Individual psychotherapy is among the most important AND the most difficult endeavors a person can undertake in their lifetime, with results both meaningful and gratifying. Psychotherapy is not like a physician/patient relationship where a patient describes his or her symptoms and the physician prescribes. Nor is it advice giving or problem solving, although these activities are certainly a small part of the process.
Psychotherapy is a relationship between two people, the purpose being the greater understanding, awareness and resolution of emotional and interpersonal problems of the patient. In psychotherapy there exists a mutuality that is unique among professional relationships. The patient is the historian of his life, and the clinician is the expert on human development, psychopathology and interpersonal relationships. Together they form an alliance that makes understanding and treatment possible.
The patient is encouraged to speak freely and uncensored. Social conventions are left outside the door. The therapist listens in ways that ‘hear’ deeper meanings and fragments of emotions long since buried. The therapist listens in a supportive and nonjudgmental way which creates an atmosphere of trust for the patient to take those risks to face the loss, disappointment and pain–to resolve and detoxify what is possible, and learn to live with the rest.
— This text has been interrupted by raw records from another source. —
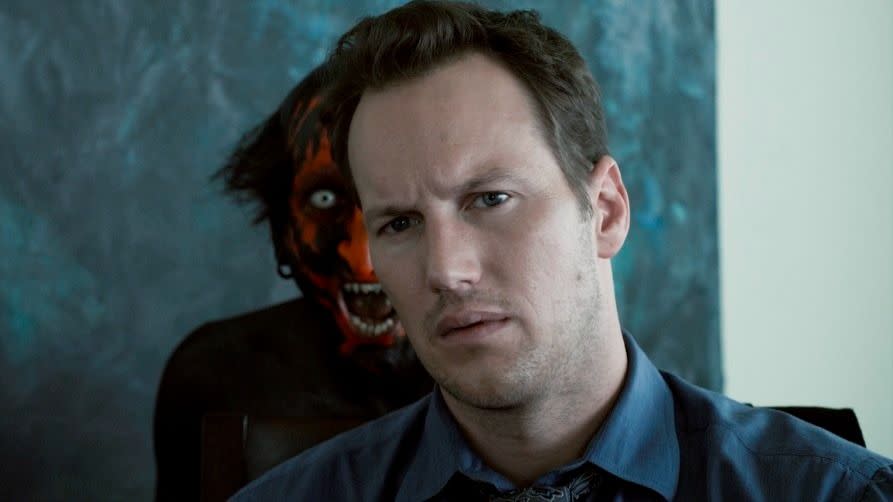 a redfaced demon stands behind an unsuspecting man in a scene from insidious, a good housekeeping pick for best halloween movies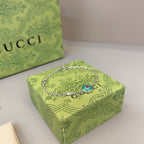 Gucci silver bracelet with green enamel charm on chain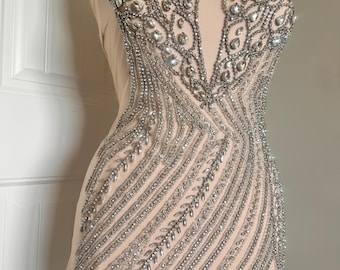 May include: A beaded embellishment for clothing, featuring a silver and clear crystal design. The embellishment is shaped like a V-neckline and has a fringe detail at the bottom.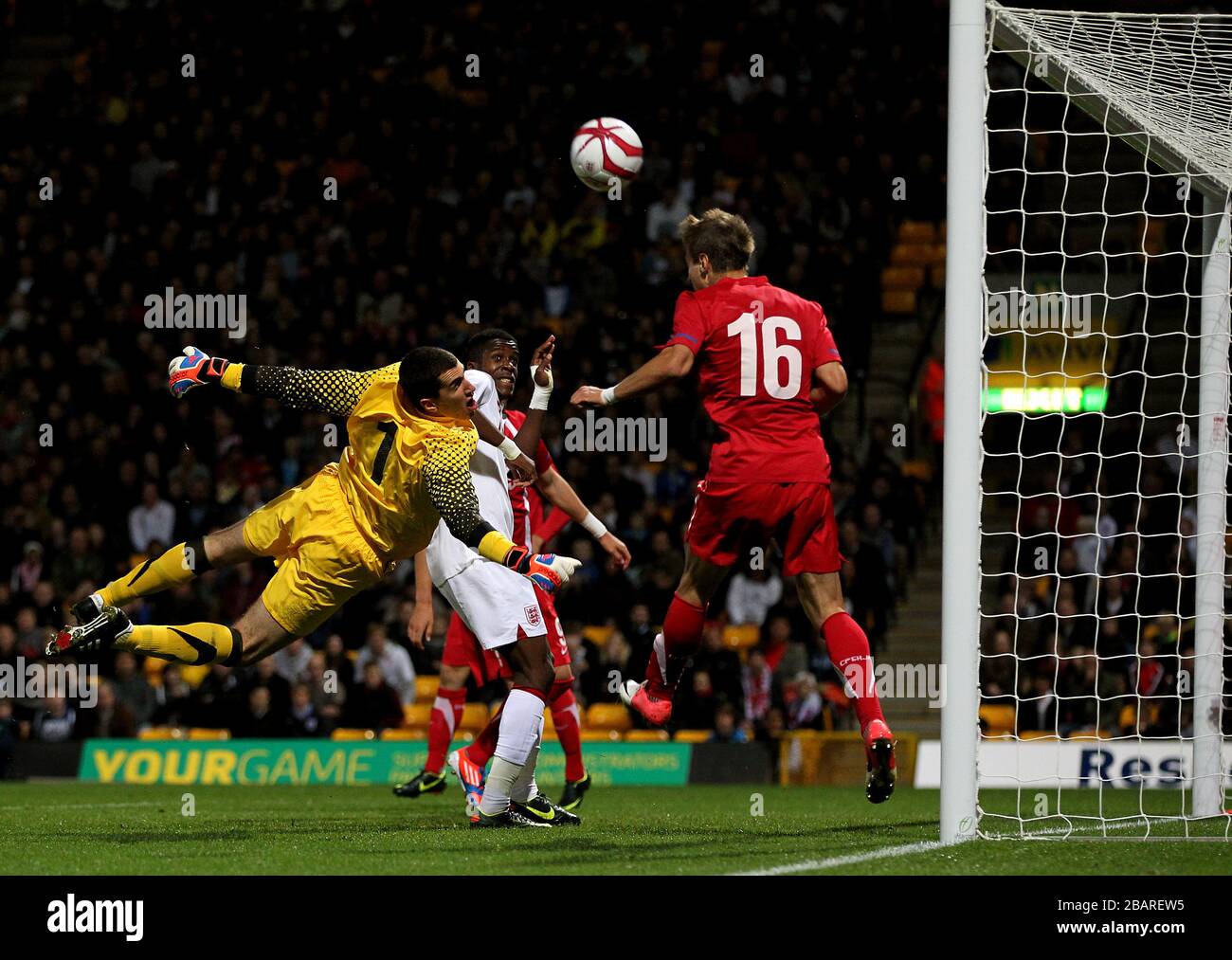 England's Wilfried Zaha sees his shot tipped over the bar by Serbia goalkeeper Branimir Aleksic Stock Photo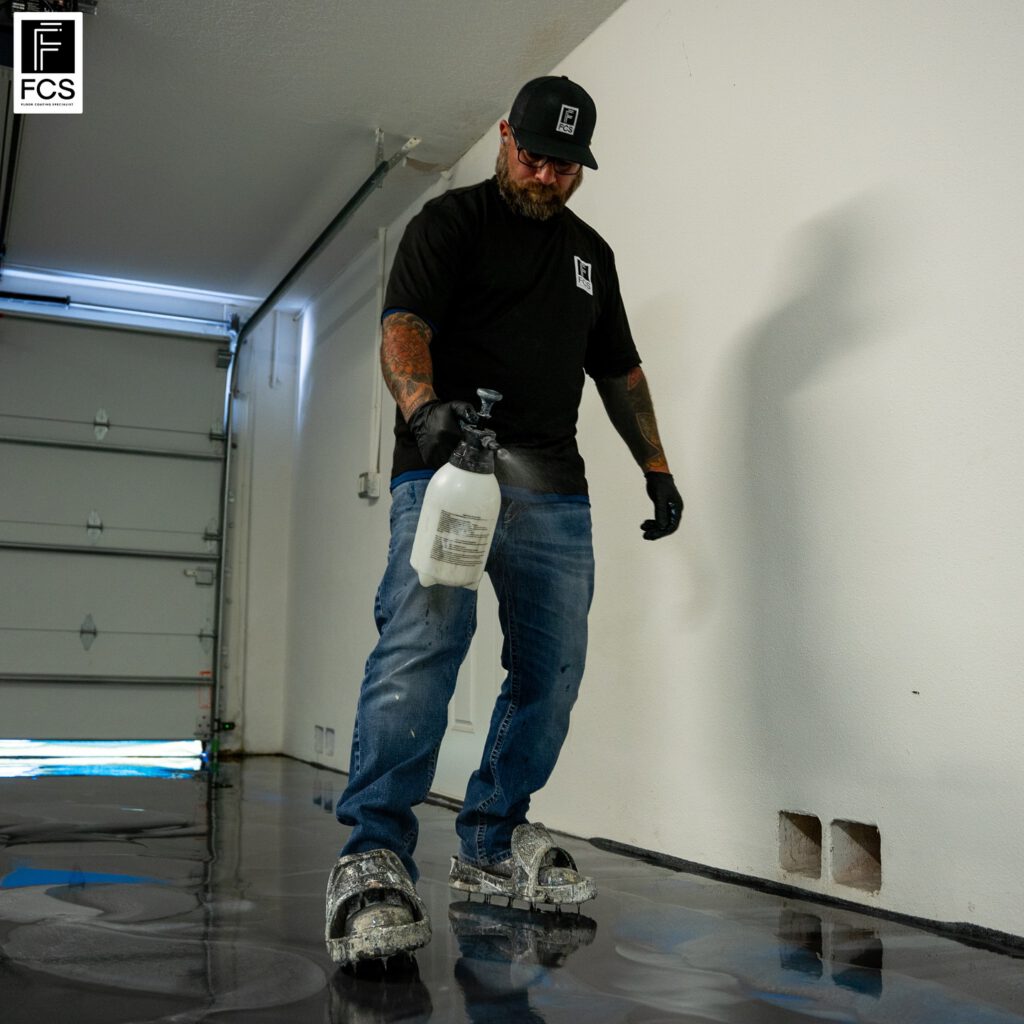 A man wearing spiked shoes and gloves uses a spray bottle to treat an epoxy floor coating, ensuring the shiny garage floor remains spotless and durable. - Floor Coating Specialist - Bradenton, FL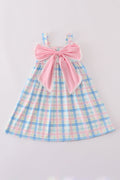 A charming pink plaid bow dress, perfect for playful adventures and special occasions.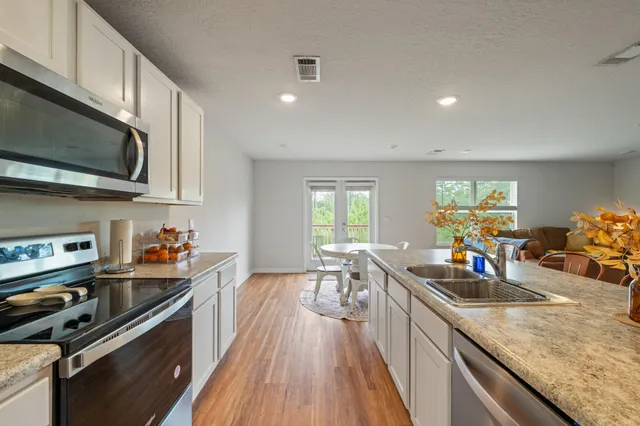 a kitchen view with wooden floor a stove and a sink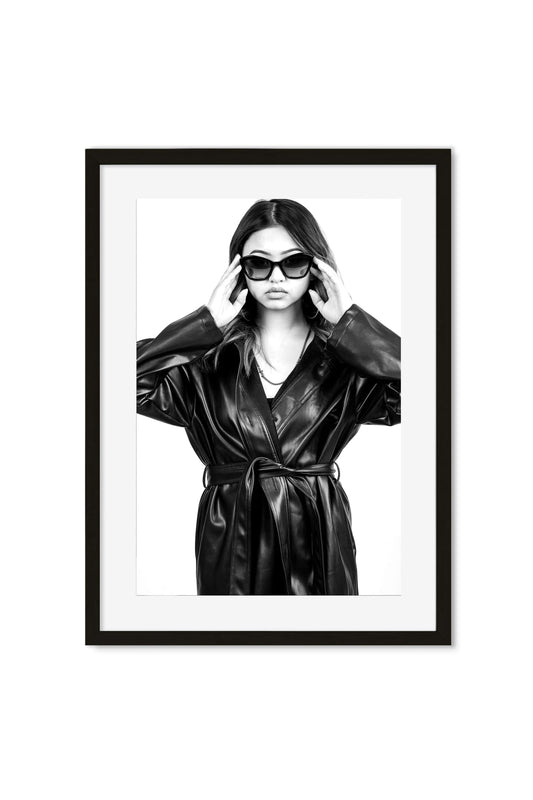 Black-and-white portrait poster of a woman in a leather coat adjusting sunglasses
Psychotherapy is a time-consuming process requiring commitment, patience and diligence. It is not surgery where we can cut out one’s problems. Rather, through our communication, there is a gradual unfolding of the self, an opening up and resolving of those emotions and experiences long repressed.
The intensity of therapy is a critical factor. The standard frequency is once a week but I have found that insufficient for the resolution of long standing psychological issues. As with any endeavor the more time you commit, the greater the results. I prefer working with patients twice weekly and ideally three times a week.
Through the ongoing verbal exchange, therapist and patient together weave a tapestry of understanding that enables the patient to develop a realistic appraisal of self, an understanding of their place within the family of origin and within the grand scheme of life–giving up the delusions and illusions that numb our capacities, make us passive and compliant, and dull our senses of curiosity and wonder.
To begin the journey of psychotherapy takes great courage and a willingness to face the pain and the truths of one’s life—truly a courageous undertaking.